The Release command, as implemented in the SYCL runtime, has a reference to the memory object, but no explicit dependencies are created. To model the edges correctly, we instrument the waitForRecordToFinish method in the Scheduler where the release operation waits on all the dependent operations to complete to capture the edges.

This concludes all the changes that were made to the SYCL runtime to support tracing. The next section talks about the XPTI framework that allows applications and runtimes to efficiently capture, record and emit trace notifications for important events during the run.

Documentation of SYCL tracepoints

XPTI Stream Domain

Traces belong to a named stream and this constitutes a domain of data. The XPTI framework allows the instrumentation logic to define a stream and associate the traces to the stream. A stream also defines the protocol to be observed to decipher the data at the receiving end. The XPTI API defines the notion of a trace point that includes an event, a trace point type and a notification.

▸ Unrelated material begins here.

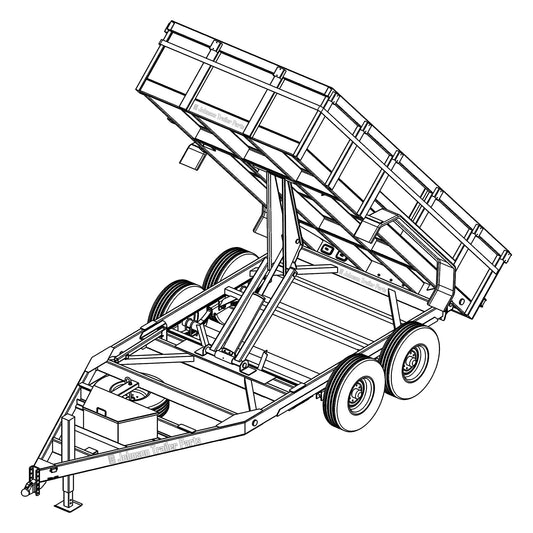 7' x 14' Dump Trailer Plans | DT714-14J Trailer Blueprints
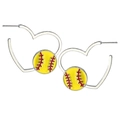 Detail view of heart-shaped hoop earrings with yellow baseball themed charms in silver metal - Softball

  • The event consists a payload that describes the event (source file, function name, line number and/or a code pointer), a unique_id that is used to identify the event, a global user data field and a mechanism to record metadata associated with the event. The unique_id is generated from the payload, so if the trace point is visited multiple times, it represents the same unique_id and this allows us to determine the number of instances of a trace point.

  • The trace point type defines the type of notification that is being emitted for the trace point. There are many commonly occurring trace point types that are predefined by the framework, but a stream can extend this set by the extension APIs provided. A subscriber must explicitly register a callback for each trace point type that is of interest to the subscriber. If no subscribers are registered for a stream or a trace point type, then traces will not be emitted. A given trace point event may be used to emit multiple traces to different trace point types.

  • The notification emits the trace to all subscribers of the stream domain that have a callback registered to the given trace point type. The stream can attached a per-instance user data during this notification call that must be guaranteed to be valid for the duration of the notification call.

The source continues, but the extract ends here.